It's the context around those limits that the industry may seek more detail around in order to address market realities that aren't immediately acknowledged in the current draft, according to Donna Schmidt, managing director, DLS Servicing.
"We are grateful for the use of the drafting table since we picked up a number of concerns and potential conflicting representations," Schmidt said in an email.
"As a vendor who works with over 50 different servicers, the interpretations of what has been presented will be wildly different and requires VA to clarify to ensure universal implementation," she added.
Schmidt said based on initial review, a sample of some areas where clarifications that would be helpful are as follows:
- A directive to evaluate owners for disposition options if a "hardship" is not resolved: Clarify the extent to which this applies to monetary challenges as opposed to nonmonetary ones where a retention option should be preserved.
- Address conflicts where the VA states that the only options available for loans less than three months delinquent are forbearance or repayment, but then states that if an option is completed before a loan is 61 days delinquent, it must be reported as imminent default or property problem.

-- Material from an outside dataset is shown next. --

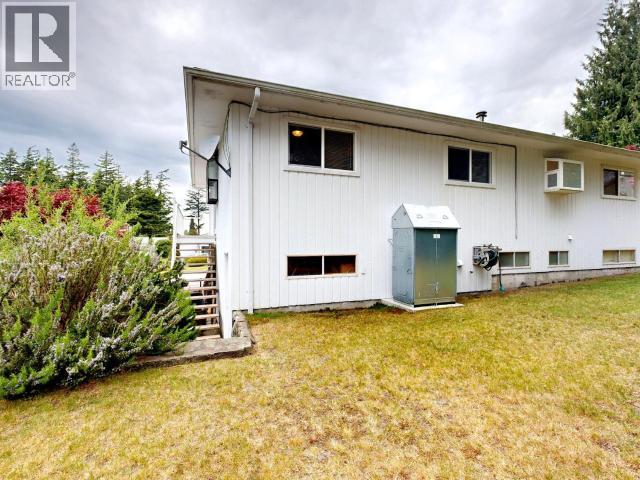 3272 KOOTENAY PLACE - 32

- Open up a requirement for borrowers who resolved their reason for default to be able to reinstate past due amounts in a lump sum within 90 days. "This will affect a very small number of borrower candidates. Such as those expecting an insurance death benefit, disability claim settlement, etc.," Schmidt said.
She suggested other situations where borrowers may repay short-term but not within those bounds, should be considered. These situations could include unemployment, temporary disability, an accident or other short-term health issue.